Link et al. conducted a small, retrospective study among 120 locally advanced (stage T3/4) post-prostatectomy patients at the University of Heidelberg between 2009 and 2017. All were lymph node negative.

• 43 received whole pelvic radiation therapy (WPRT)- 62% received 79.3 Gy to the prostate
• 77 received radiation to the prostate bed only (PBO)- 70% received 79.3 Gy to the prostate
• Biologically equivalent dose (2 Gy) to the prostate was 79.3 Gy ("high dose") if they had positive margins or PET/CT/MRI imaging-detectable prostate bed tumors (62% of patients), 71.4 Gy ("low dose") if they had negative margins (38% of patients).

Median freedom from biochemical failure was:

• longer among those who got the higher dose: 76 months vs 21 months
• longer among those who received WPRT vs PBO: 68 months vs 32 months

There is a lot of overlap in treatments, so it is impossible to tease out the effect that each had on the oncological outcomes. Almost all of those who received the escalated dose also had positive margins - a known factor for predicting success of adjuvant/salvage radiation. Also, almost all men who had adjuvant radiation had positive margins and dose escalation - adjuvant radiation has proven to be more successful than "wait-and-see" in 3 major randomized clinical trials.

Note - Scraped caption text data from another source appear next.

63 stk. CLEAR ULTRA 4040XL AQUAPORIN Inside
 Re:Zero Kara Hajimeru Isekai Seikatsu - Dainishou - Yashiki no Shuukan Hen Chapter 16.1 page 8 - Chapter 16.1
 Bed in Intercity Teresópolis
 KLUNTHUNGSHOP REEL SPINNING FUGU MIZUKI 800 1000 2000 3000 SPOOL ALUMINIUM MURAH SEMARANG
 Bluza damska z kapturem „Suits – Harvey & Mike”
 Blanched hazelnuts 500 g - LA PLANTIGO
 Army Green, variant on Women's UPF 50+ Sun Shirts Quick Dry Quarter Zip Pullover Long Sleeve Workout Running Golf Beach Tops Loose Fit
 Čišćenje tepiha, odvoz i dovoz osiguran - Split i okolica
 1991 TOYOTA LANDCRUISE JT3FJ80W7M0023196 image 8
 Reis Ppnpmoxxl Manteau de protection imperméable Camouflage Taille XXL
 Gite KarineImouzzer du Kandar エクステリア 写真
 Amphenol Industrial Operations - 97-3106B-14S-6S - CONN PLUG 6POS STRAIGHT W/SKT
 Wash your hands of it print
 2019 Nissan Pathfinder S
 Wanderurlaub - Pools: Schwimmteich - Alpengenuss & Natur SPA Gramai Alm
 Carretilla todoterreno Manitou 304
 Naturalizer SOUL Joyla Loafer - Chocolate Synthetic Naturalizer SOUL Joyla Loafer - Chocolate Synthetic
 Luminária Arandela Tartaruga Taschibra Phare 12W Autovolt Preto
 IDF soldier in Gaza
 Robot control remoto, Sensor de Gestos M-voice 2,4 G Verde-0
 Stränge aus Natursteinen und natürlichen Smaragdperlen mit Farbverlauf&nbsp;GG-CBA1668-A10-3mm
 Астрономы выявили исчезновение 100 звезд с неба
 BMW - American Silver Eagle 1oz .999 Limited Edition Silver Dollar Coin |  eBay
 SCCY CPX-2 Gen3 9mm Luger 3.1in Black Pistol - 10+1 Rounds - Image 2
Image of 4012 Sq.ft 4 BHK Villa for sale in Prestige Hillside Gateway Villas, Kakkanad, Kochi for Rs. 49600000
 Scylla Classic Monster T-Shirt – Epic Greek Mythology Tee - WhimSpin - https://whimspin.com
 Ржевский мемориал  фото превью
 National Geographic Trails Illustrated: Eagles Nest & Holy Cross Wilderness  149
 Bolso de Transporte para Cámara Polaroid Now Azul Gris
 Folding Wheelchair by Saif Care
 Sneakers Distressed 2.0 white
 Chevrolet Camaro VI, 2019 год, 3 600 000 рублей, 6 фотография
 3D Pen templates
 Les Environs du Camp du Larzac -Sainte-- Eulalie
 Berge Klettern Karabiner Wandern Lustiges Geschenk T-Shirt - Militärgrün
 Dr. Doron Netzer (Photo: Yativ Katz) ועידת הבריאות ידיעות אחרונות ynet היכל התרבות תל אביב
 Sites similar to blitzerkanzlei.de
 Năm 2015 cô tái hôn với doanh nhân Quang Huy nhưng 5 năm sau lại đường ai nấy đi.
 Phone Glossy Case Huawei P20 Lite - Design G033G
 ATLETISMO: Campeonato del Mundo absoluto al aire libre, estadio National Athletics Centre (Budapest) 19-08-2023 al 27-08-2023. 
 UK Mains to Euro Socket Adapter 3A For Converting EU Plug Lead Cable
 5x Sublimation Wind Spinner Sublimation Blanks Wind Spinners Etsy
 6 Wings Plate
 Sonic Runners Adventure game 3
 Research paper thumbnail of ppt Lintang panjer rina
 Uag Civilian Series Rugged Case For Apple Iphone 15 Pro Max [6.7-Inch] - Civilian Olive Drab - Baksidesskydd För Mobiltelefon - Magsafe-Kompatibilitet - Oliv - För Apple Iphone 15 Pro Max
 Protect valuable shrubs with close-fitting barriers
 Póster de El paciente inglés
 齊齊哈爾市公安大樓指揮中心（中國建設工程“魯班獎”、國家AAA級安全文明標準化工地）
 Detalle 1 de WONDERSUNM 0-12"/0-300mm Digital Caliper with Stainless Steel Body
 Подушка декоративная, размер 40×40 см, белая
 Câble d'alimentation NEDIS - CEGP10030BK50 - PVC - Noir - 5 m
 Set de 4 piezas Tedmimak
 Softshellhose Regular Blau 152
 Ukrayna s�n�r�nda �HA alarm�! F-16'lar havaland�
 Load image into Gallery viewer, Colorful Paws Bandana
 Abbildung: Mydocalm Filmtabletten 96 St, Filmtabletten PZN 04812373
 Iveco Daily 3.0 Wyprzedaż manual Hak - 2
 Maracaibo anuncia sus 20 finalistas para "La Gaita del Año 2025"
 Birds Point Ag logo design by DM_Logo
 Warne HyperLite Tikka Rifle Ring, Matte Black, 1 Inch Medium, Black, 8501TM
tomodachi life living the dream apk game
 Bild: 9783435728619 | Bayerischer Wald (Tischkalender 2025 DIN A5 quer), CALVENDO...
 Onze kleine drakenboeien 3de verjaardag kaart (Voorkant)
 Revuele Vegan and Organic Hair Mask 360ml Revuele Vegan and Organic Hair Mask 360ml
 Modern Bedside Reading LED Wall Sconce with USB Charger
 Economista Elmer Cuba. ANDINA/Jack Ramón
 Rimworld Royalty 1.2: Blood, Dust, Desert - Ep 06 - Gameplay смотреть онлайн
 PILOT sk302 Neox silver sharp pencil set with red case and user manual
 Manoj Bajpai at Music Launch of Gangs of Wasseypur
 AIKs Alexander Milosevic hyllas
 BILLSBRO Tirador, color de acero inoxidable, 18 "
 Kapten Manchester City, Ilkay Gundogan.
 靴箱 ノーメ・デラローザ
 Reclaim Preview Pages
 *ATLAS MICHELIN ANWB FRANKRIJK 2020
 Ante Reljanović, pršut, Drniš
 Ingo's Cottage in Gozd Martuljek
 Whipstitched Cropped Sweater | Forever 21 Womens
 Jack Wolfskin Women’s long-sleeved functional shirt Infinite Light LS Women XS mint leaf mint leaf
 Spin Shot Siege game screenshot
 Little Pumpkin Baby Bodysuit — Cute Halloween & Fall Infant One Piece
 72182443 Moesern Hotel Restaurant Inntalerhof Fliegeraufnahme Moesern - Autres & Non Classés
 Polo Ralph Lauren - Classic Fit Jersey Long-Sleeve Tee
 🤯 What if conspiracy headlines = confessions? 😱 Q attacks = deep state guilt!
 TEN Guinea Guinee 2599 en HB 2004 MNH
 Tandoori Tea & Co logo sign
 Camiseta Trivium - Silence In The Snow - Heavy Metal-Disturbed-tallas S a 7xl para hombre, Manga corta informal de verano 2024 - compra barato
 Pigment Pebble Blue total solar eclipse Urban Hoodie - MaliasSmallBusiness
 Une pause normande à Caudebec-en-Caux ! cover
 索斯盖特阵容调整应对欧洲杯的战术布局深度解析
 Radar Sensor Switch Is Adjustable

Toxicity increased with both dose and size of the treatment field. Grade ≥ 2 toxicity was reported by:

• 3.4% among those who received low dose and PBO
• 12.5% among those who received high dose and PBO
• 15.4% among those who received low dose and WPRT
• 36.7% among those who received high dose and WPRT
• No reports of Grade 3 gastrointestinal toxicity
• 13% Grade 3 urinary toxicity among high dose patients, none among low-dose patients

This is a far cry from the randomized clinical trial we need for practice-changing dose escalation for adjuvant/salvage radiation. However, we can't rule out that there is no oncological benefit to dose escalation. It remains unknown what proportion of these high-risk patients would have done just as well with lower doses and smaller treatment fields. The increase in toxicity with dose and treatment field means that patients ought not jump into this without understanding the risks and discussing them with their radiation oncologists.